> _DATA IN THIS EXERCISE_:
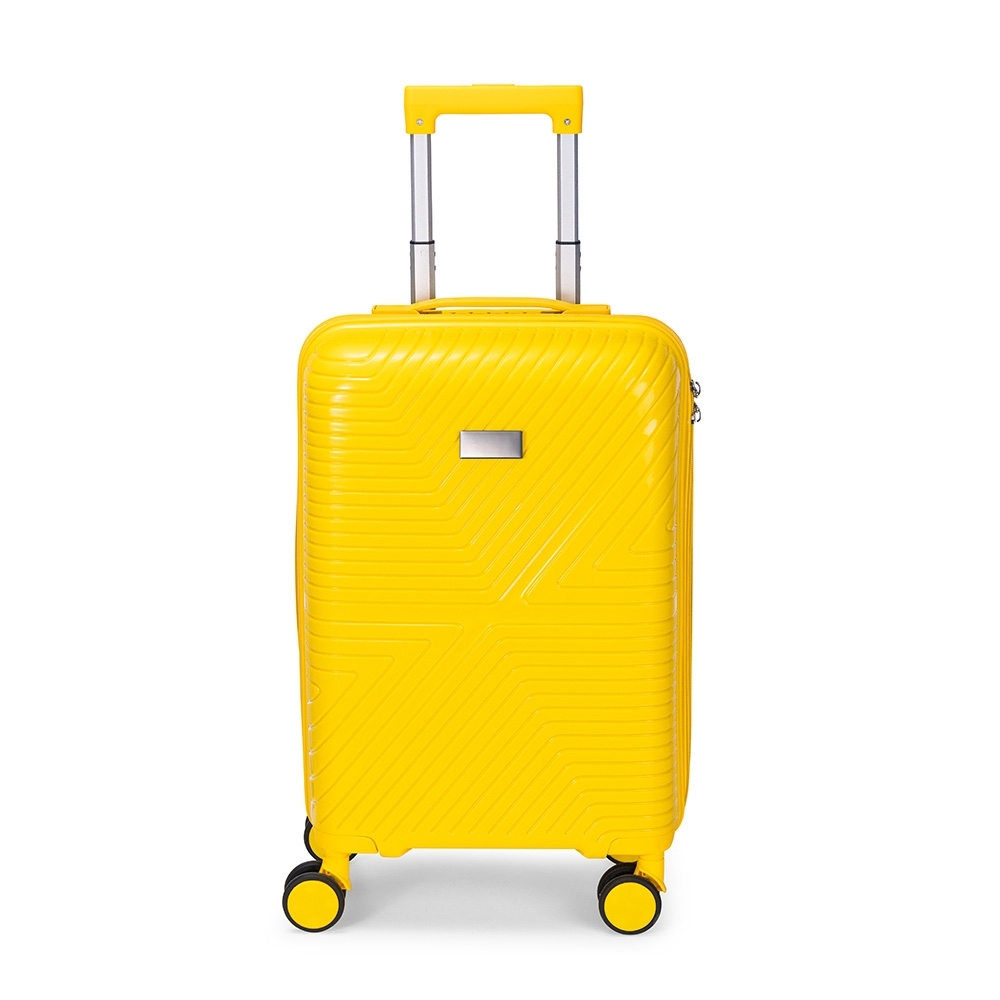 Mala de viagem 30 litros de plástico personalizada com a logo da empresa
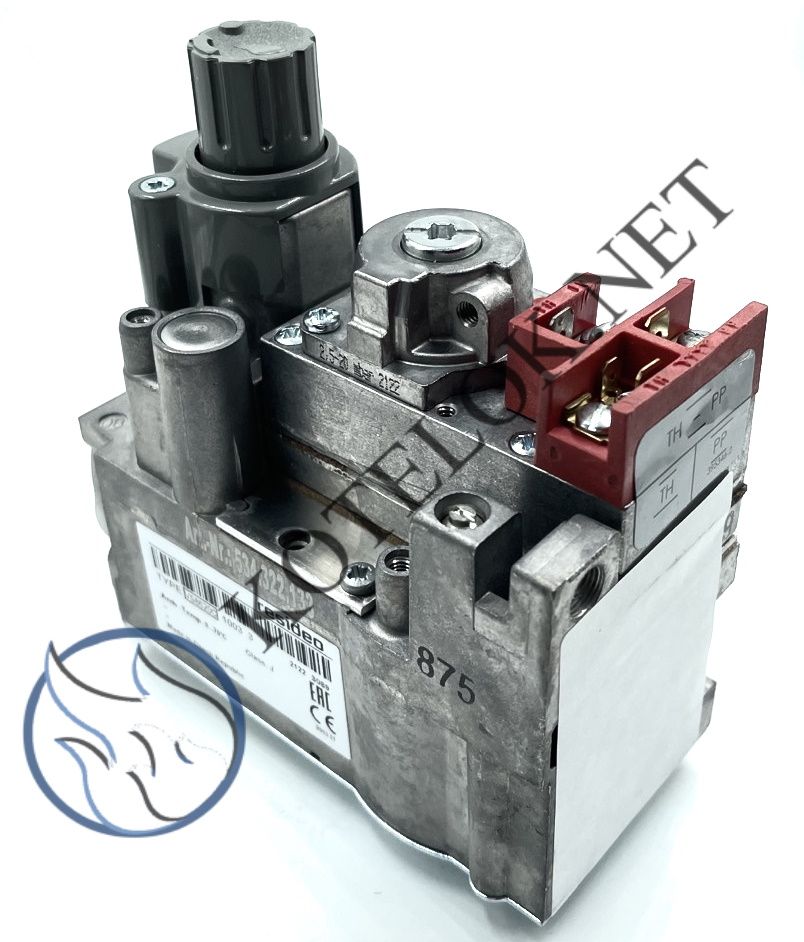 70116 , 40433 Газовый клапан Honeywell VS8620C для котлов Thermona - Запасные части для отопительного оборудования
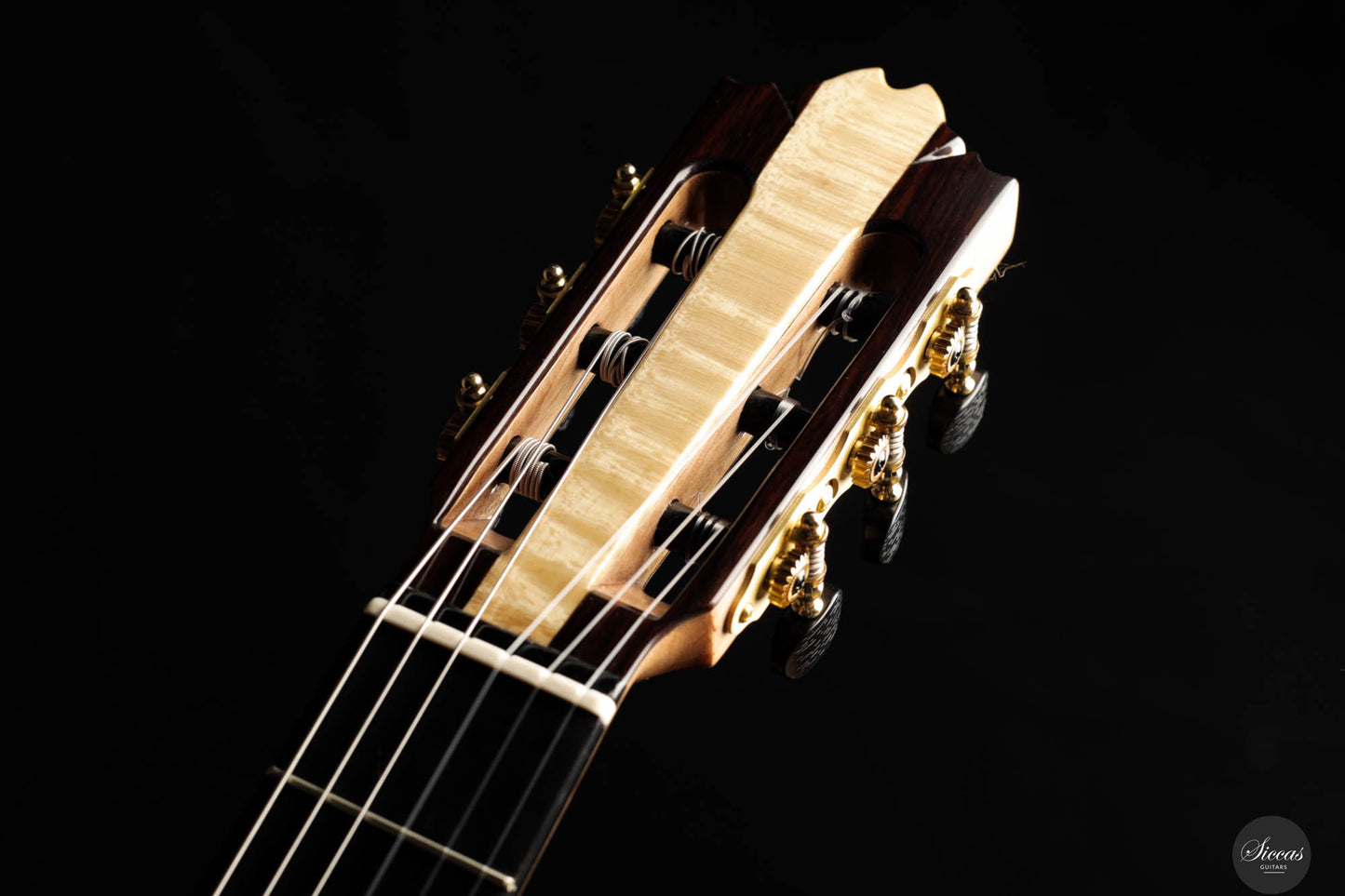Ramin Fallah - 2024 Dreamy No.460 Spruce/Indian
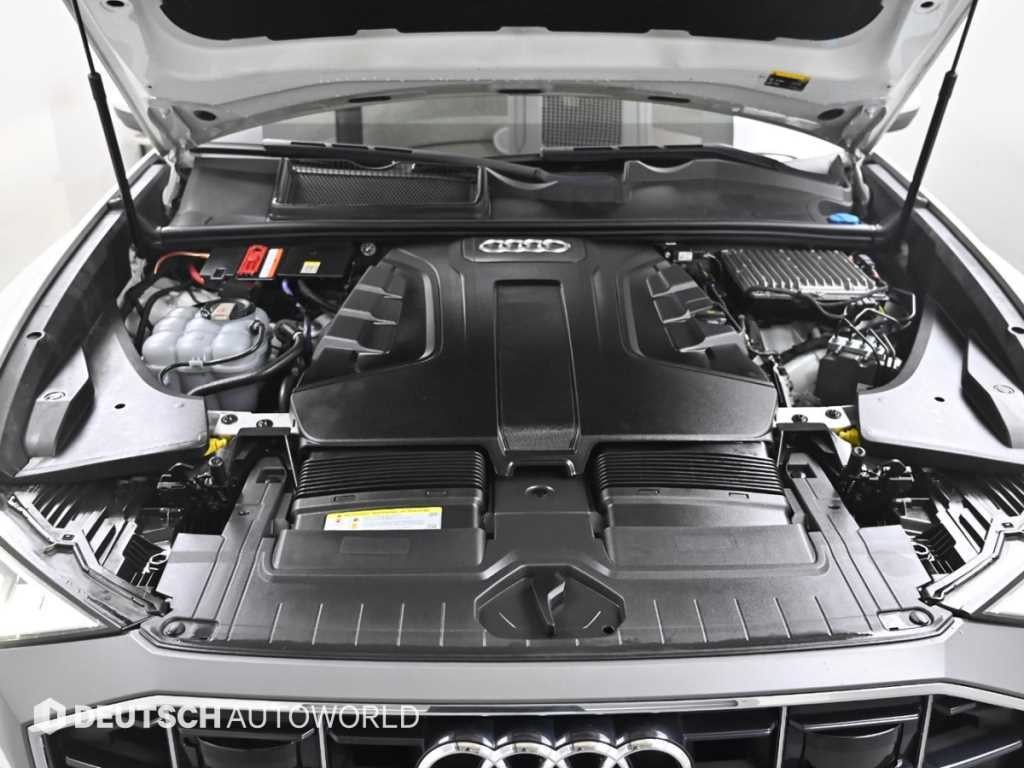 아우디 Q8 50 TDI 콰트로 프리미엄 이미지 6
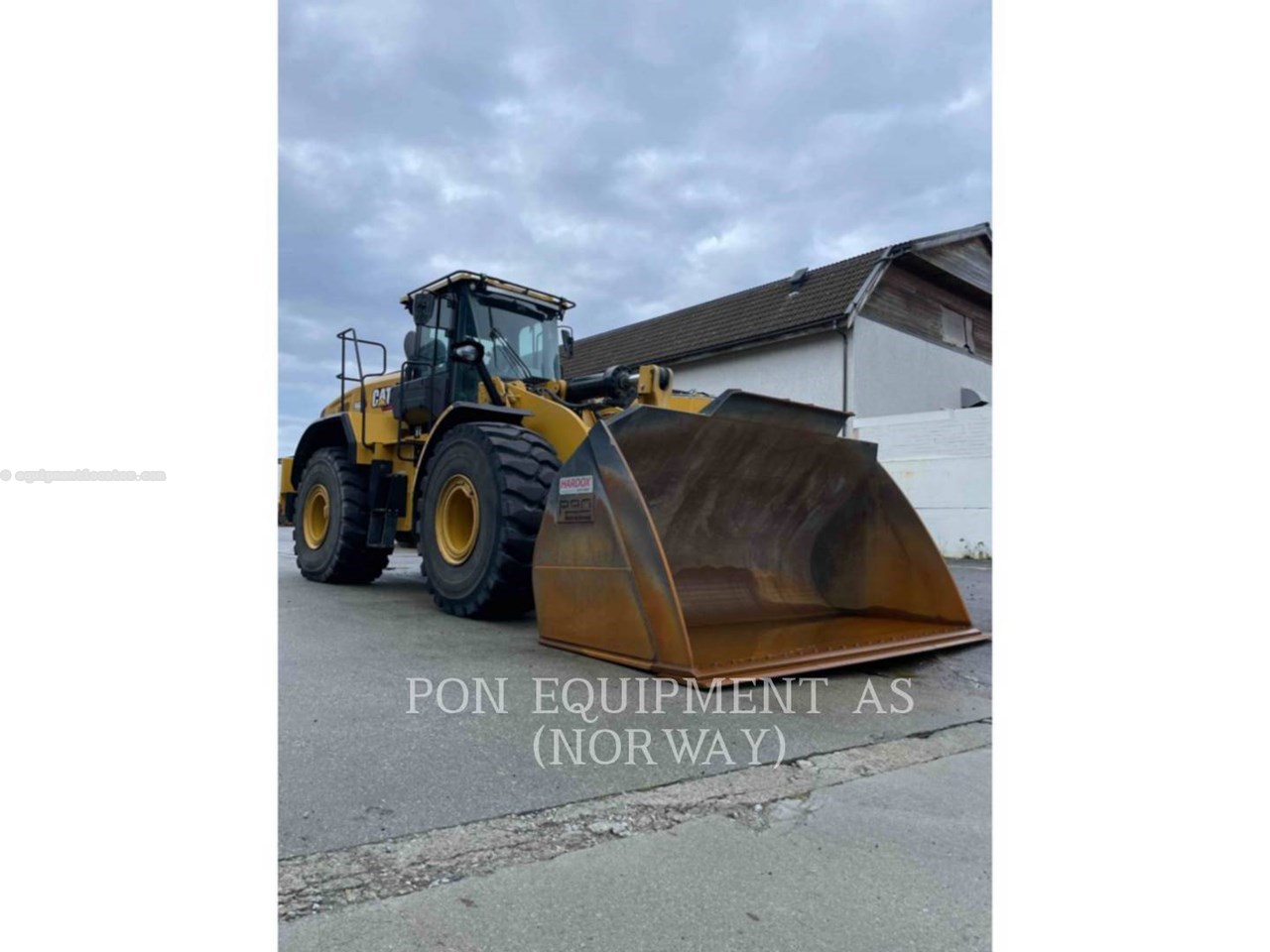 2023 Caterpillar 966-14 Image 2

> _WHAT THE TASK REQUIRES_:
Leave out the pictures and retype the rest of the entries exactly.

> _RESULT FOR THIS TASK_:
 Mala de viagem 30 litros de plástico personalizada com a logo da empresa
 70116 , 40433 Газовый клапан Honeywell VS8620C для котлов Thermona - Запасные части для отопительного оборудования
Ramin Fallah - 2024 Dreamy No.460 Spruce/Indian
 아우디 Q8 50 TDI 콰트로 프리미엄 이미지 6
 2023 Caterpillar 966-14 Image 2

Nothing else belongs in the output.